─── DATA SECTION ───

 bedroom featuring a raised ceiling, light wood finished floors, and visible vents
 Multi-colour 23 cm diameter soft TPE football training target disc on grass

───
─── DATA SECTION ───

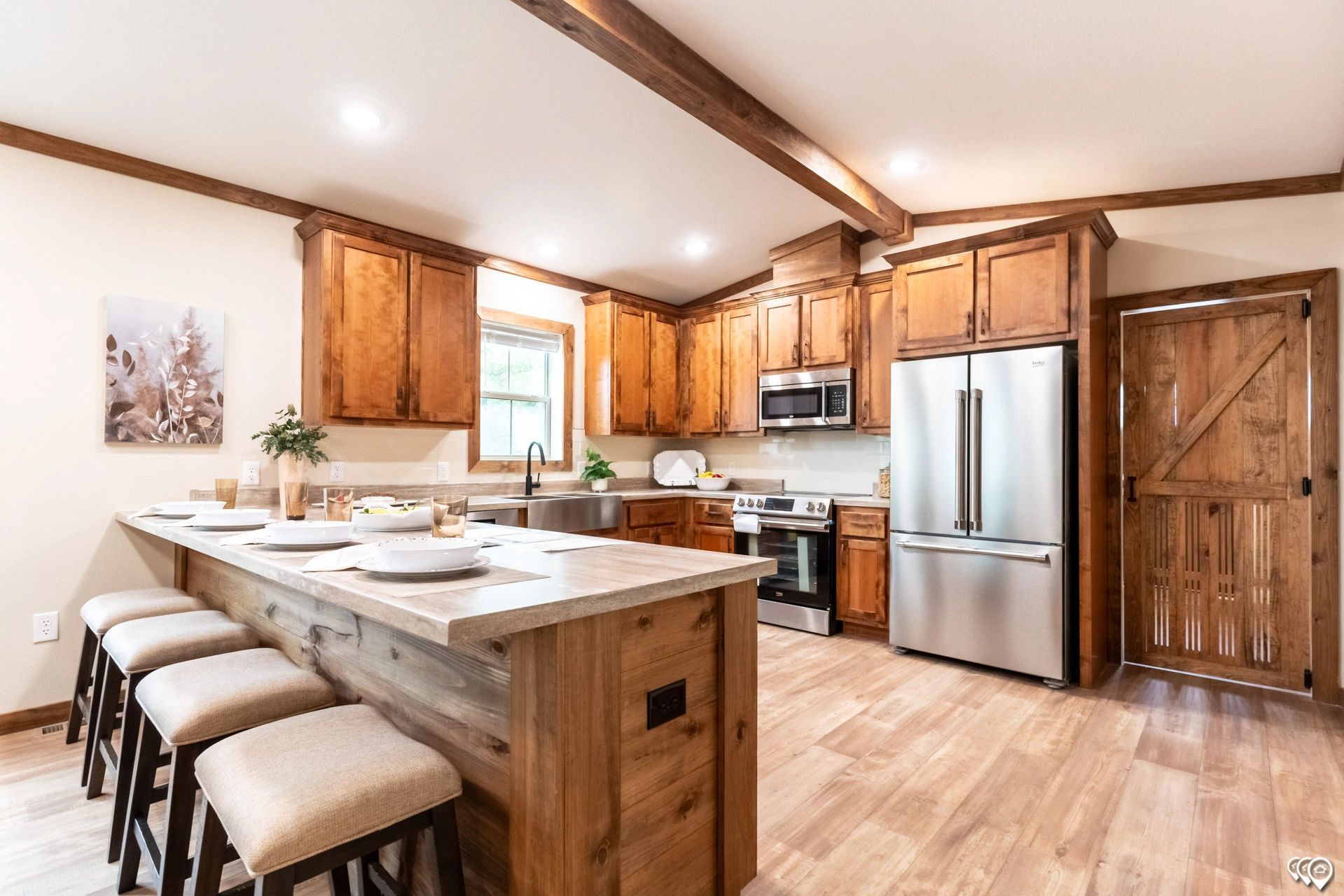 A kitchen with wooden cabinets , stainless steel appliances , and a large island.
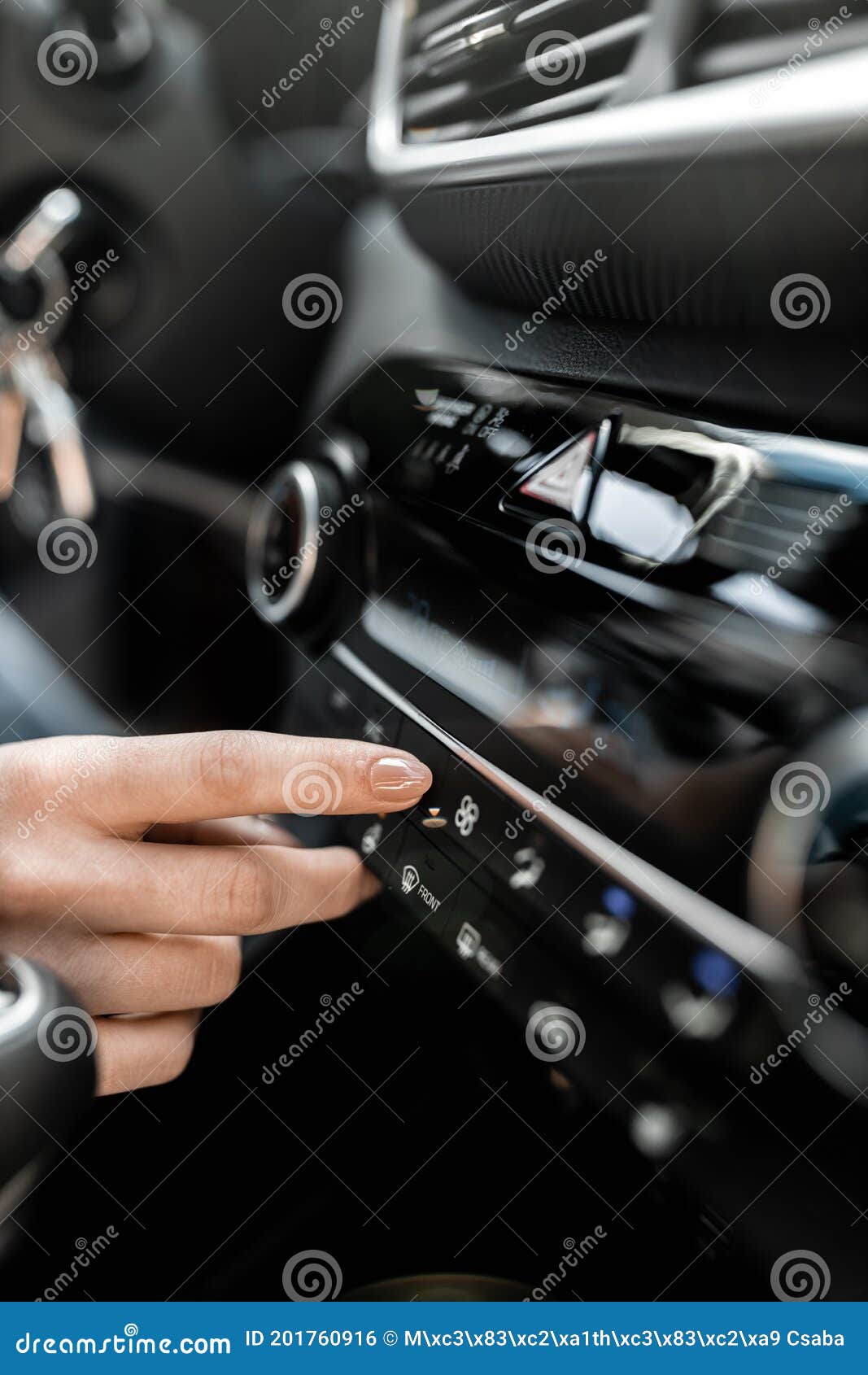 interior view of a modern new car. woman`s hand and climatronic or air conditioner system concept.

───
─── DATA SECTION ───

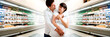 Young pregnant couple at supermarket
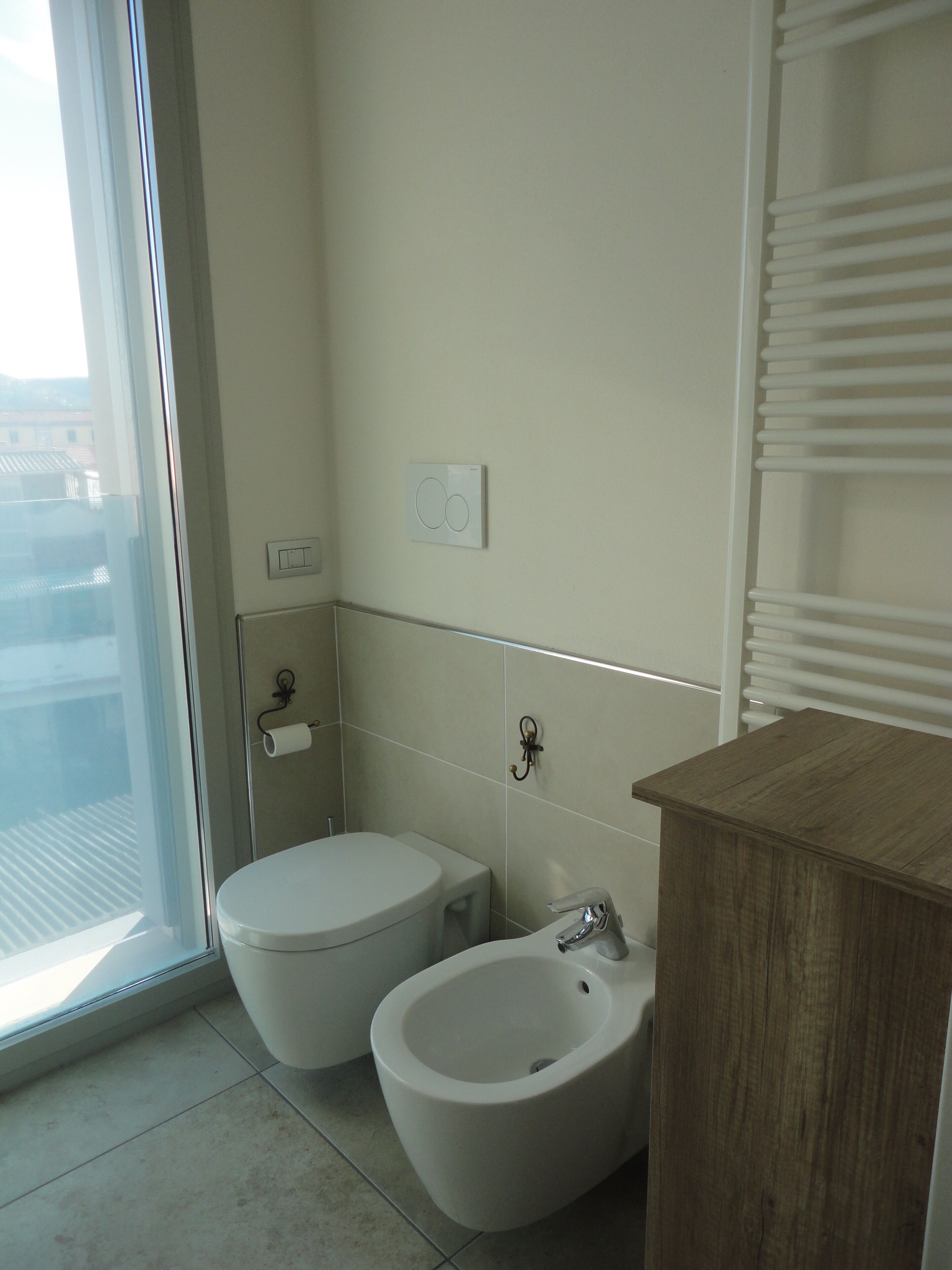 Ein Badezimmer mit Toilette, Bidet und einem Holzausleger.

───

* PROBLEM DETAILS
Since only part of the listing is wanted, copy exactly the lines from the one holding "bedroom featuring a" to the one holding "Multi-colour 23 cm", both included.

* ANSWER BOX
 bedroom featuring a raised ceiling, light wood finished floors, and visible vents
 Multi-colour 23 cm diameter soft TPE football training target disc on grass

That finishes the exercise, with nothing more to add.